Another week, another draft turned in. This one will go into copyediting.
I’ve been thinking about Seeing is Forgetting the Name of the Thing One Sees, Lawrence Weschler’s biography-in-conversations of the artist Robert Irwin – particularly one anecdote, regarding Irwin’s piece for a less-than-ideal exhibition room at the Museum of Contemporary Art in Chicago.
The room had white floor, walls, and grid-panel ceiling – and an unsightly central column, also white, left over from the building’s previous use. “[T]he only other element in the room was the kickboard, a molding which skirted the edge of the three walls, the kind of thing they have in most museums so that when the janitors mop the place they don’t get the wall dirty; and this baseboard was painted jet black.”
Irwin’s solution? To run a piece of black tape, five inches wide, across the floor so that it closed the lines of the black baseboards and formed a rectangle.
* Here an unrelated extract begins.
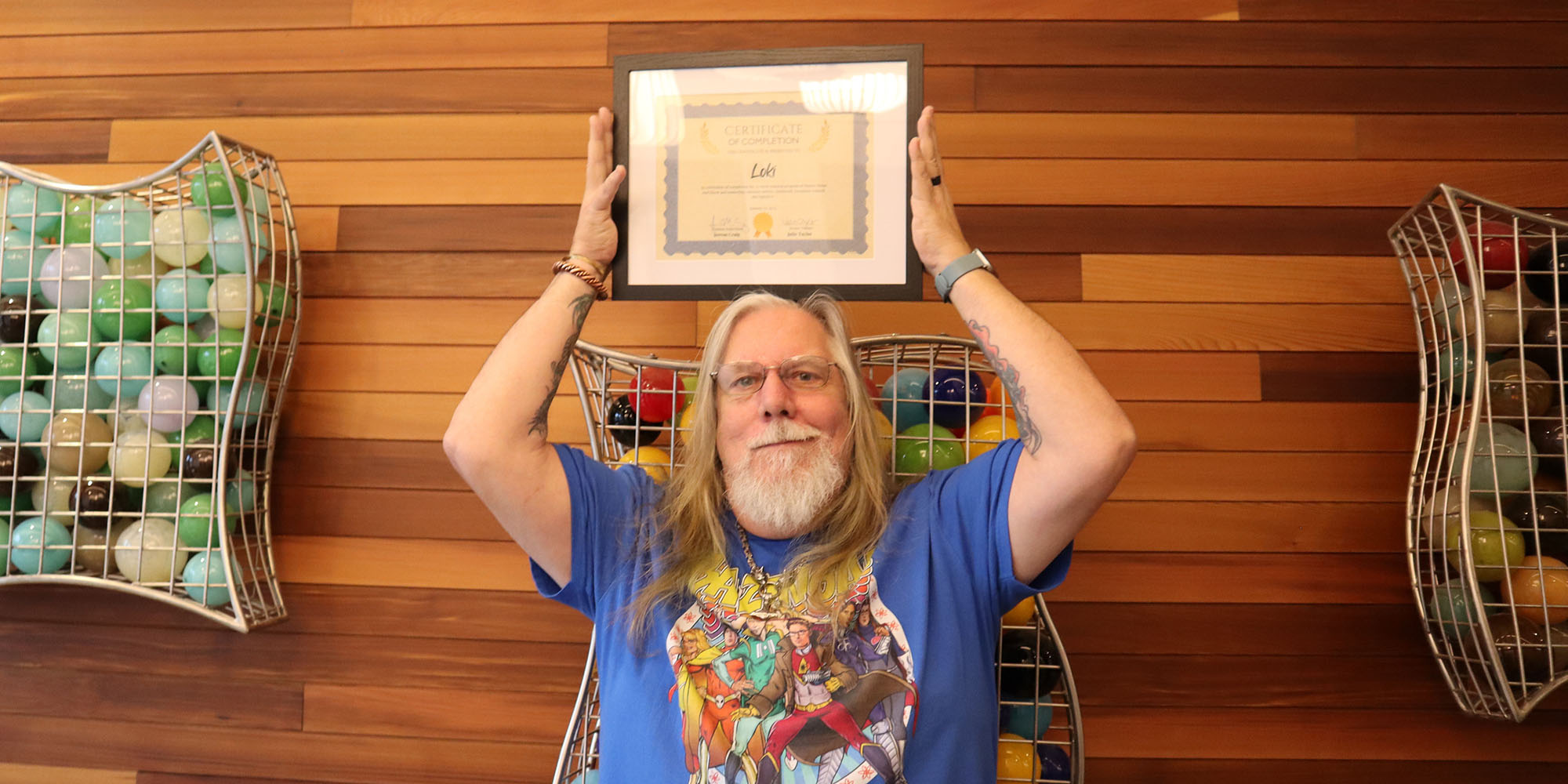 Photo of a man with long hair and a beard holding a graduation certificate above his head, in front of a wood wall.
That’s it. When the exhibit opened, visitors were thrown by it:
Some people would not cross the line; many people weren’t sure what the line represented—a lot of people actually stuck out their hand to make sure they weren’t going to bump into something, as if there were a glass pane there, or as if the room were somehow solid.
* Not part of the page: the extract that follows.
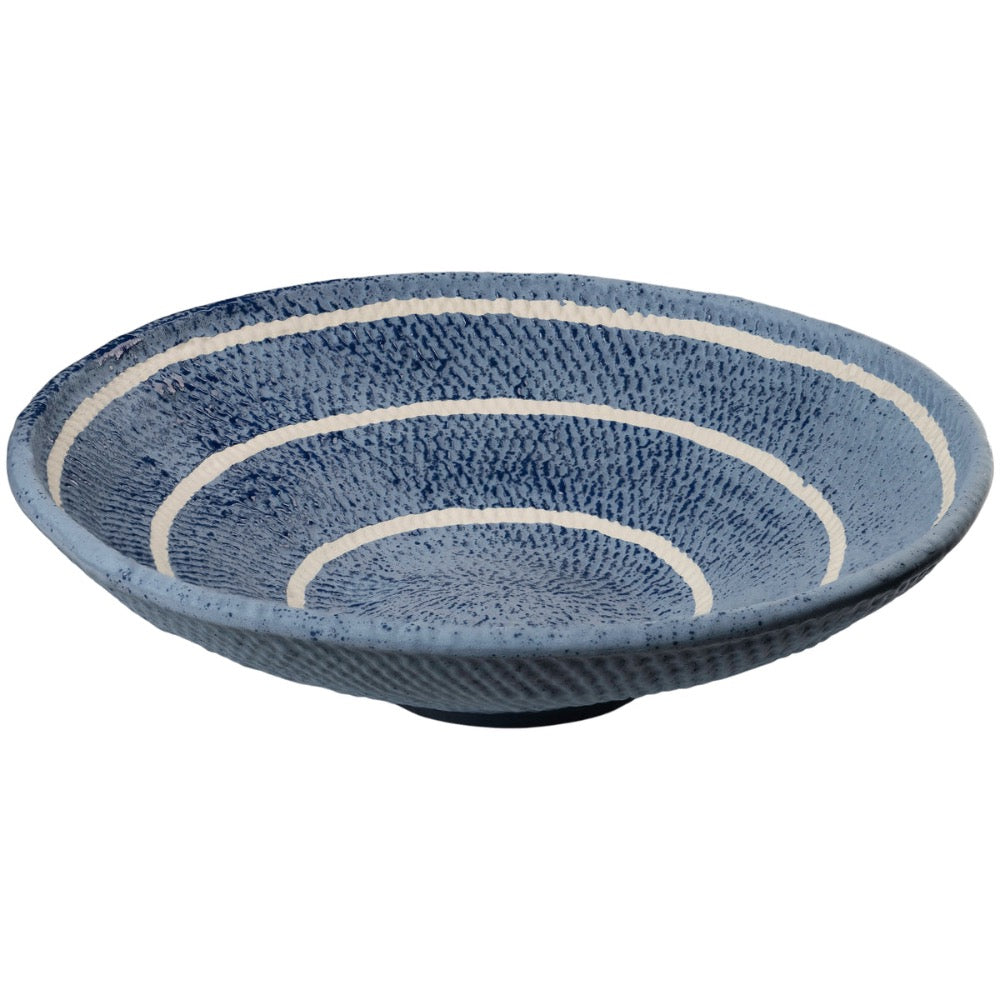 blue ceramic bowl off white circular stripes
Irwin might make a good Taoist butcher, methinks. And this black-tape anectode, from a book I last read ten years ago, has been top of mind because it’s the closest analogy I have for describing what it feels like to make revisions at this stage of writing. The edits I mull over sometimes involve a single line and its inclusion or removal. But these small moves can change character motivations; they can dramatically alter the entire reading of the book.
I’m quite enamored with the idea of meditating on something for a long time, looking at it from different angles, then performing the smallest possible action to effect an outsized change. A single stroke to make something that isn’t working, whole.
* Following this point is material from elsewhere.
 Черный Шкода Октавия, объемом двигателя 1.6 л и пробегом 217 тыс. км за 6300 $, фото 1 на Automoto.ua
But realistically, my process is a lot more haphazard than that. I’m acting on hunches, reading and re-reading, doing and then undoing. Sometimes I don’t even realize I’ve made that stroke until I’ve already made it. And it will just feel “right” without me fully knowing – let alone being able to explain – why. The final line might be economical; getting there is anything but.
I guess that’s what the butcher’s saying, too:
When I first began cutting up oxen, all I could see was the ox itself. After three years, I no longer saw the ox as a whole. And now—now I meet it with my spirit and don’t look with my eyes.